Calabrese-style stuffed anchovies | Let’s cook with Nonna Rosa
Welcome back dear readers, as you well know Italian cuisine is a real treasure from north to south, including the islands, it is hard to say which delicacy is the best because they all really are. Each region has its own specialties and each reflects the passion for food that characterises our nation.
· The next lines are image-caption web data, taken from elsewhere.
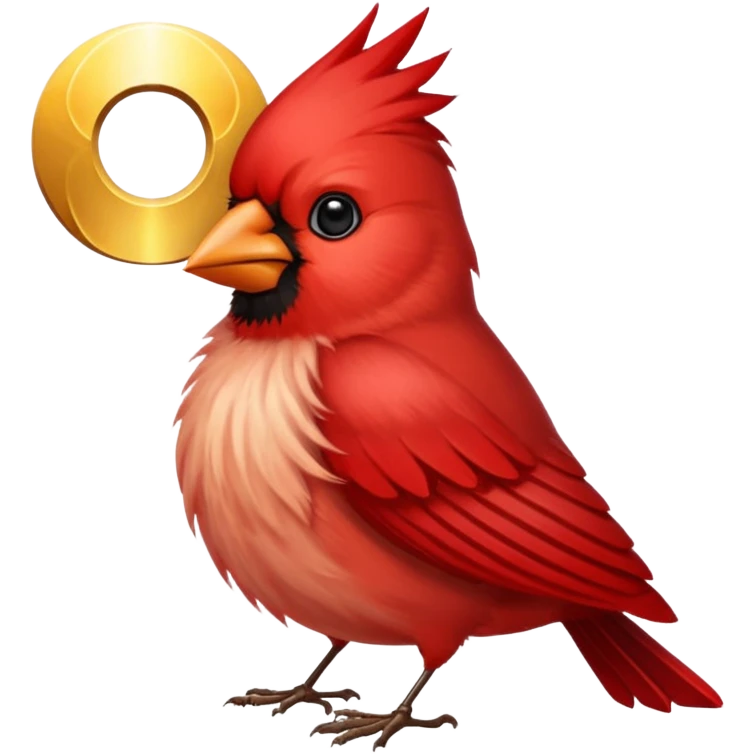 Cardinal bird with halo emoji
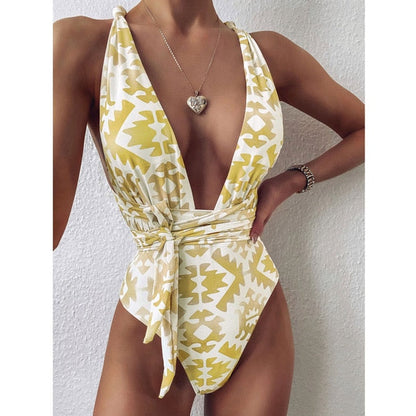 Bandage One Piece Print Bathing Suit High Waist Monokini Swimwear Swimsuit The Clothing Company Sydney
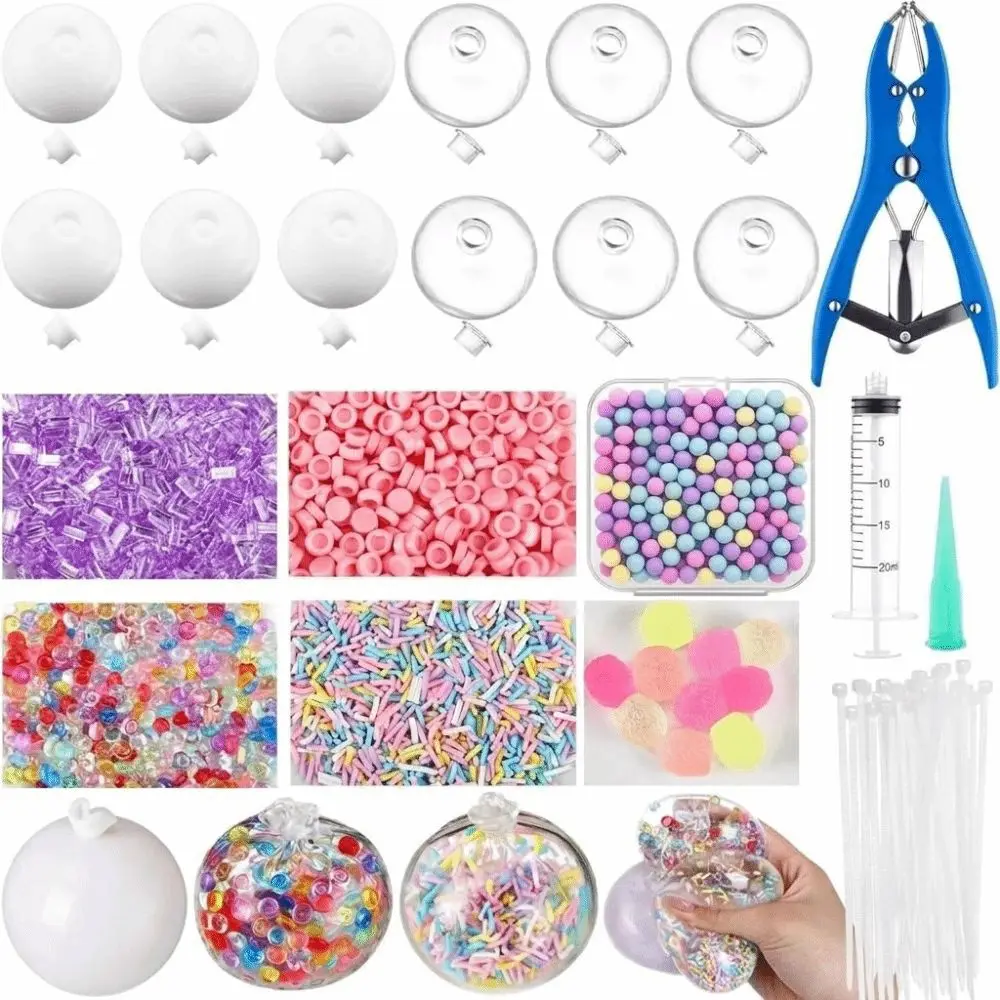 TPR DIY Ball Shell Kit Round Refillable DIY Stress Ball Making Kit Tear Resistant Soft Stress Ball Kit Kids Craft Projects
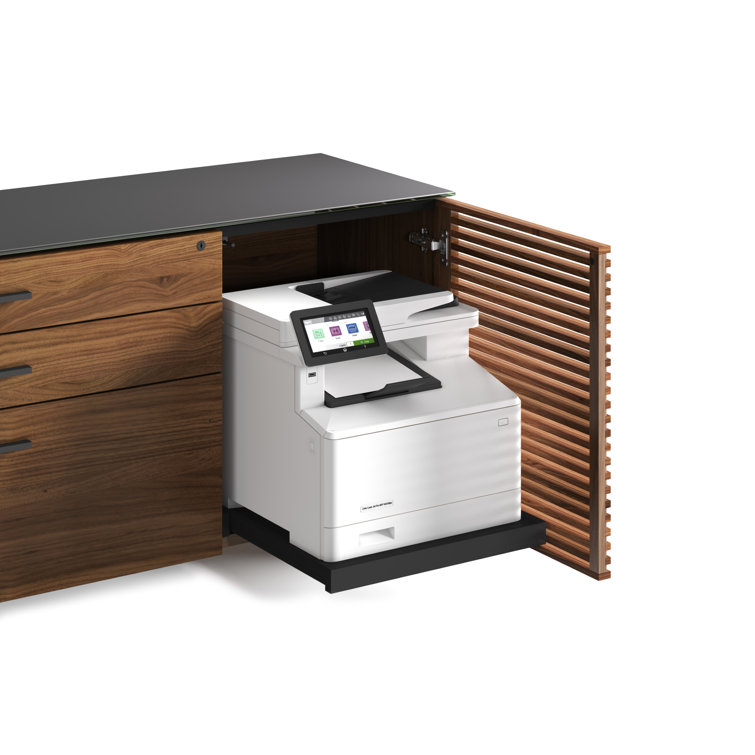 Corridor Natural Walnut Executive L-Shaped Desk with Glass Top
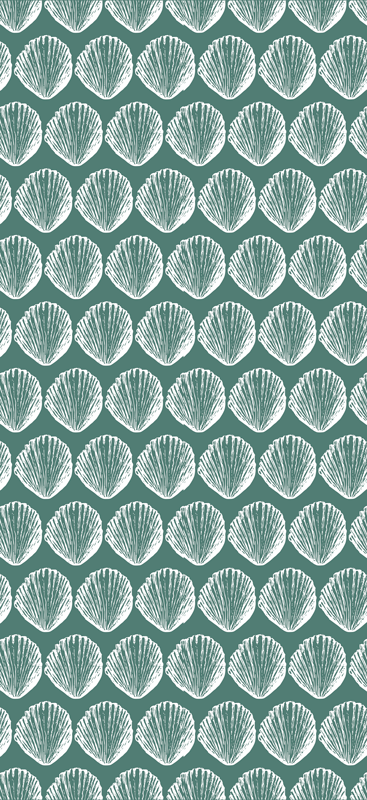 Animal vinyl rug in retro seashell design - TenStickers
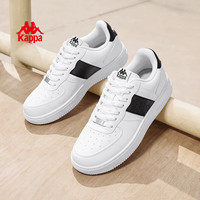 KAPPA卡帕男鞋厚底板鞋男2025秋季休闲运动鞋软底轻便小白鞋子 经典白/黑色 【四季款】 44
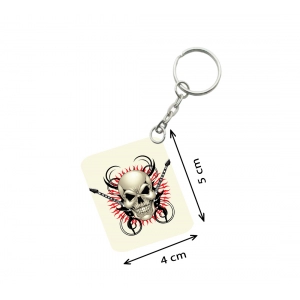 Generic Pack Of 3_ Skull With Music One Side Printed Rectangle Designer Keychain (White)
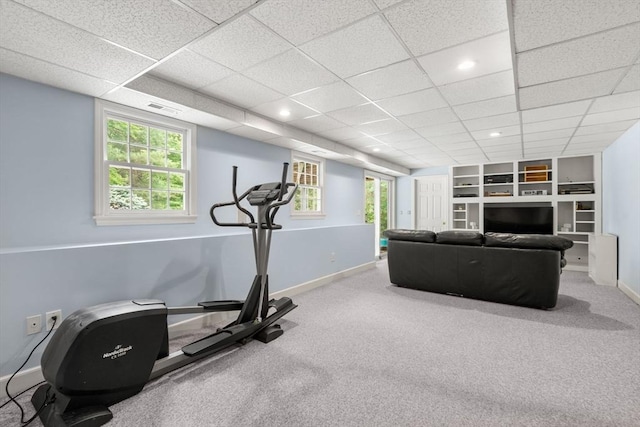 7 Cider Hill Ln, Sherborn, MA 01770 - workout area with baseboards, healthy amount of natural light, a drop ceiling, and carpet floors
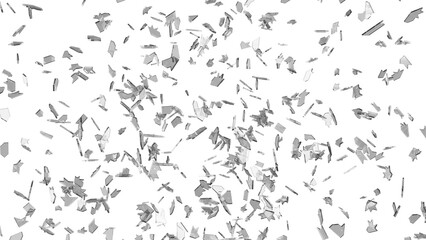 割れて飛び散るガラスの破片_3DCGイラスト_透過素材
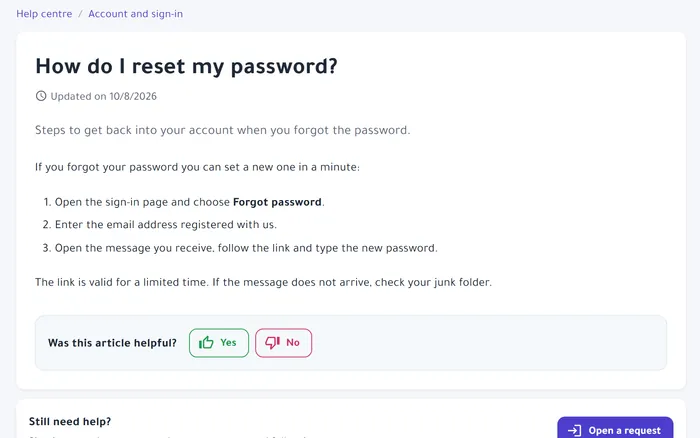 A help center article with the question "Was this article helpful?"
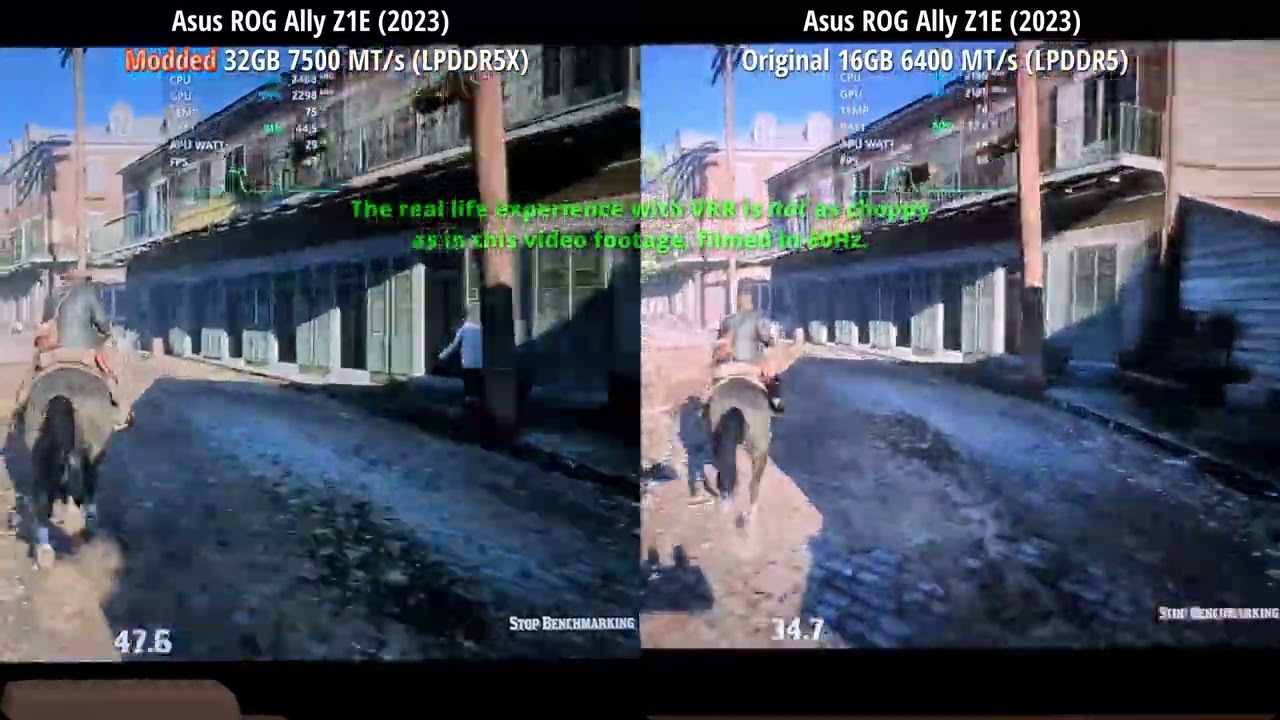 Asus ROG Ally benchmark before and after memory mod 32GB 7500MT/s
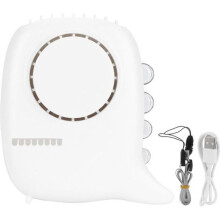 Portable USB Rechargeable Neck Fan with 3 Speeds, Compact White Personal Cooling Fan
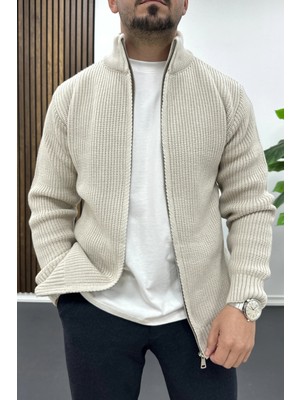 Edwox Erkek Slim Fit Fermuarlı Hırka Vizon EDW434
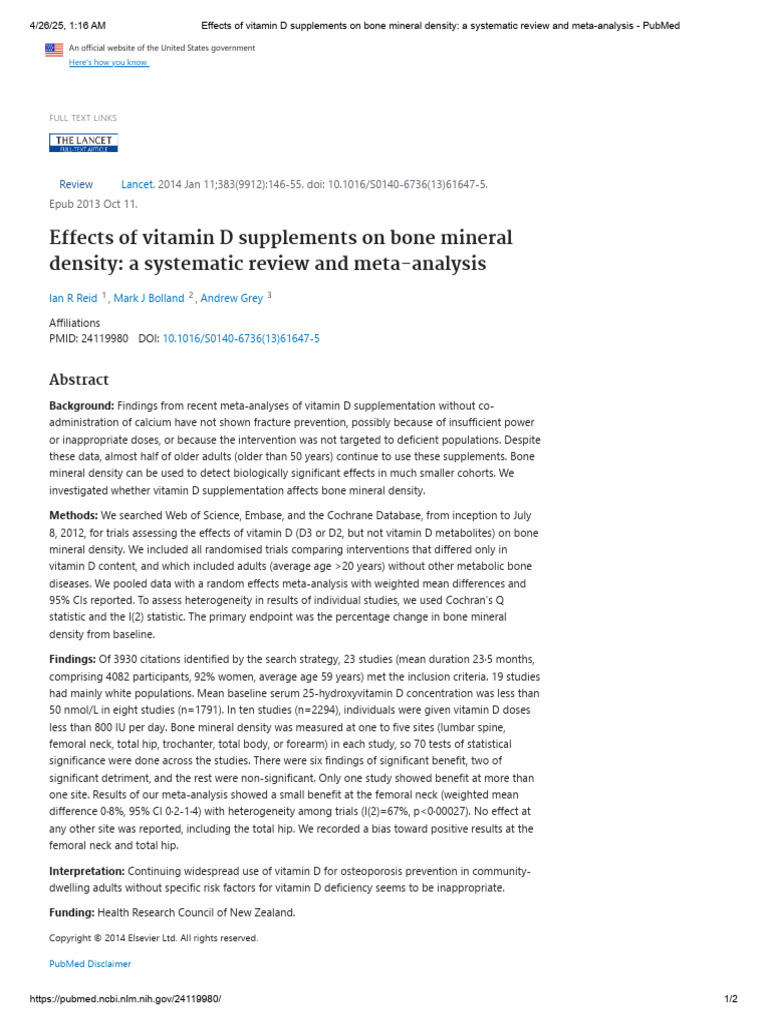 Effects of Vitamin D Supplements On Bone Mineral Density - A Systematic ...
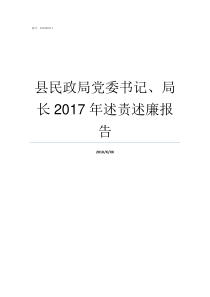 县民政局党委书记局长2017年述责述廉报告局党组书记和局长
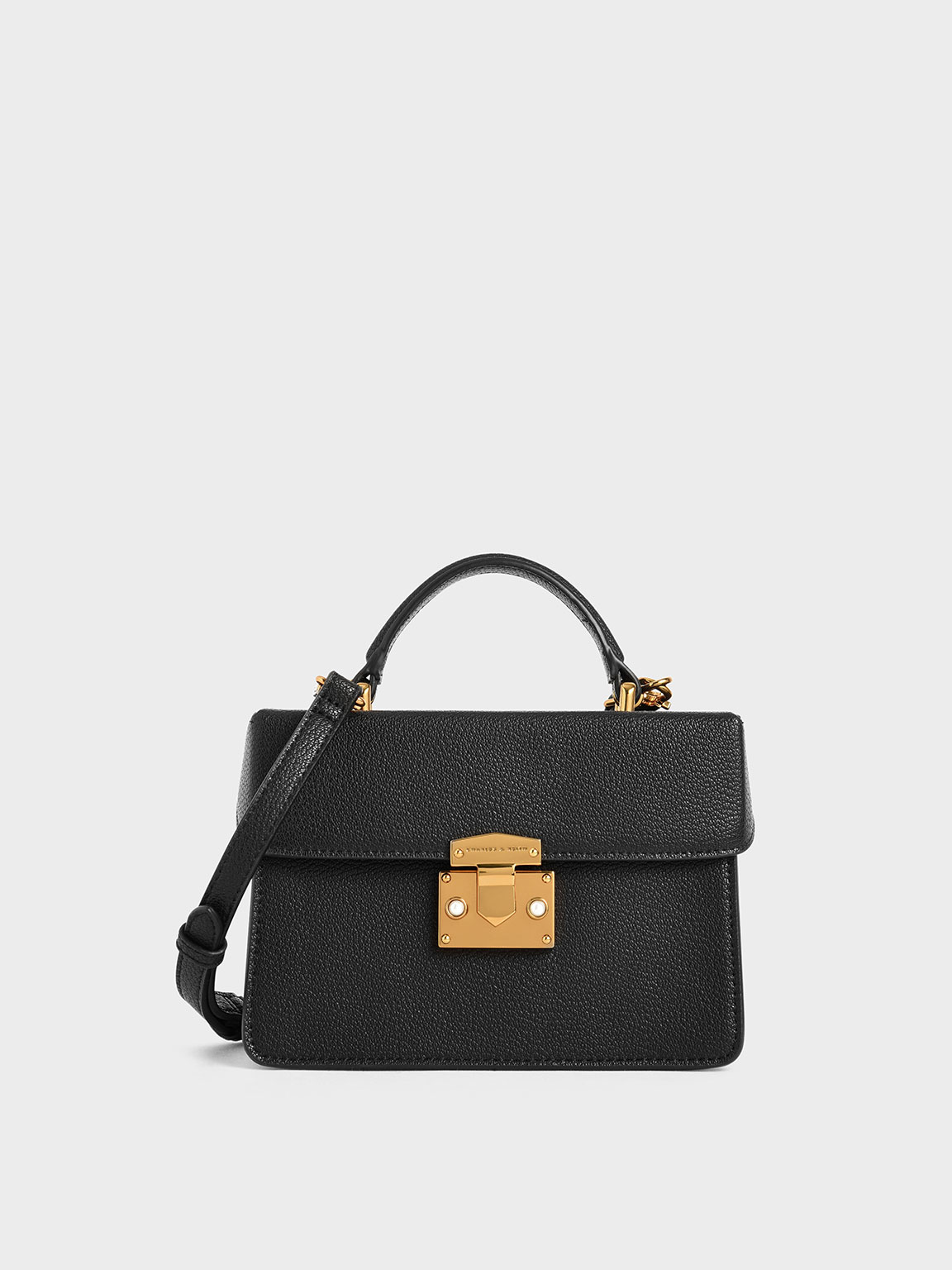 Charles & Keith - Classic Push-Lock Top Handle Bag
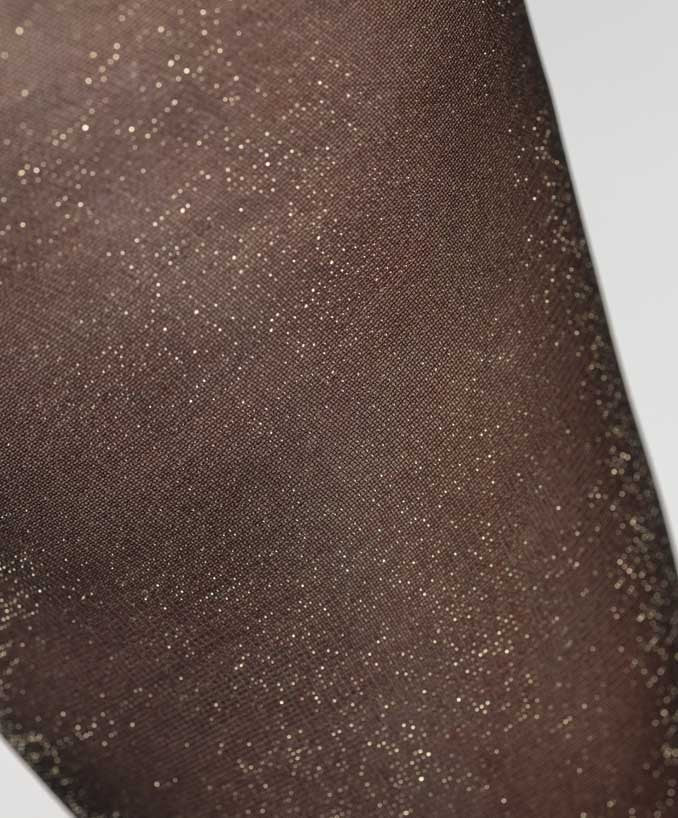 Collant Curvy 30 Den Lurex Oro Indossato Taglie Forti | Leela Lab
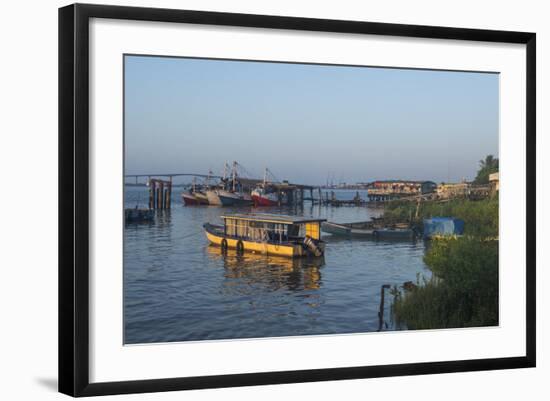 Little Fishing Boats on the Suriname River, Paramaribo, Surinam, South America-Michael Runkel-Framed Photographic Print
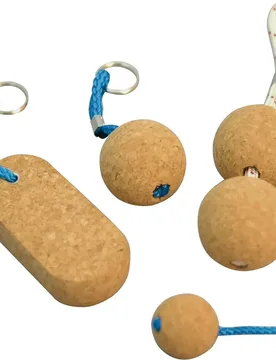 Cork Key Ring 2 Balls 50 Mm 10 Units One Size unisex - Talamex - FashionsVida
I thought of traveling south where there is a real gastronomic paradise by offering you a fried fish, an irresistible dish with fried stuffed anchovies, as is tradition in Calabria, an invitation to savor every bite in the traditions of this wonderful region.
It serves 4:
24 fresh anchovy filets
200gr stale breadcrumbs
100gr breadcrumbs
Chopped parsley
50gr parmesan
1 clove of garlic
4 eggs
Salt and pepper to taste
Oil to fry
Difficulty: Easy
Time: 40 minutes
Procedure:
Clean, debone and remove the insides of the anchovies by removing the head, washing them and opening them like a book, place them on a plate. Prepare the filling, in a bowl put part of the finely grated stale breadcrumbs, two eggs, the Parmesan cheese, add the pepper and salt to taste, a little parsley, the minced garlic clove. Now mix the filling, by using your hands it will blend perfectly, if necessary add a drop of water and continue to knead until the filling is ready. In a separate bowl, beat the other two eggs and dip the anchovies (one at a time) after having lightly salted them. Place the filling between two anchovies and dip them together in the egg, then in the breadcrumbs and they are ready to be fried. Bring the frying oil to the boil in a pan (I prefer groundnut oil), fry them for about four minutes per side, then place them on kitchen paper to remove the excess oil… and they are ready to be served hot and crunchy on a platter.